Exact reproduction of all the data is required, with pictures excluded.

# [Supplied data]
----------
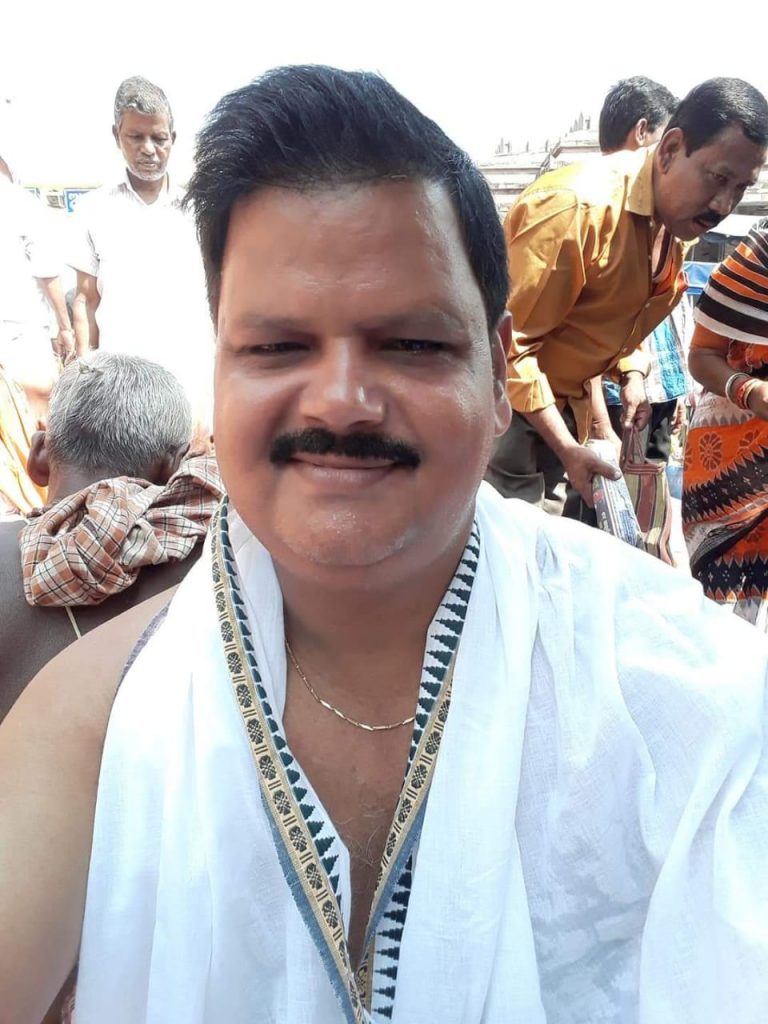 cop selfie jagannath temple puri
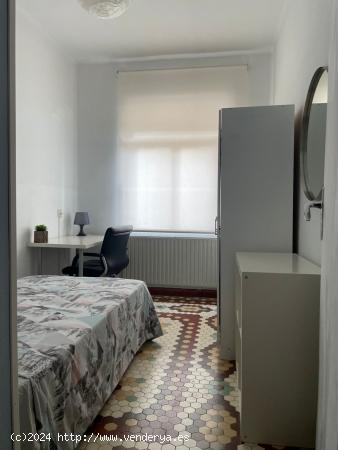 Urbis te ofrece un piso en venta en zona San Cristóbal, Salamanca. - SALAMANCA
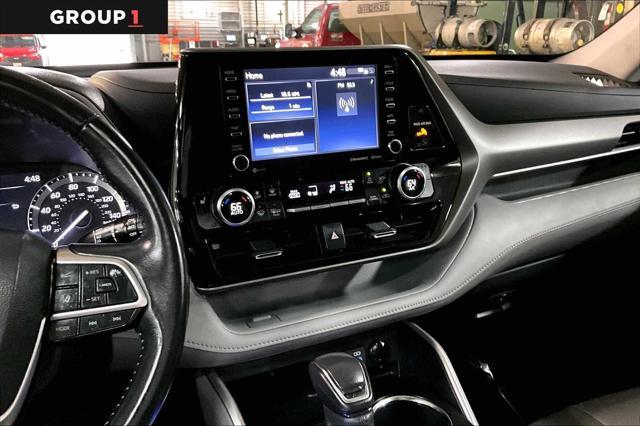 used 2022 Toyota Highlander car, priced at $37,147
----------
# [Result]
 cop selfie jagannath temple puri
 Urbis te ofrece un piso en venta en zona San Cristóbal, Salamanca. - SALAMANCA
 used 2022 Toyota Highlander car, priced at $37,147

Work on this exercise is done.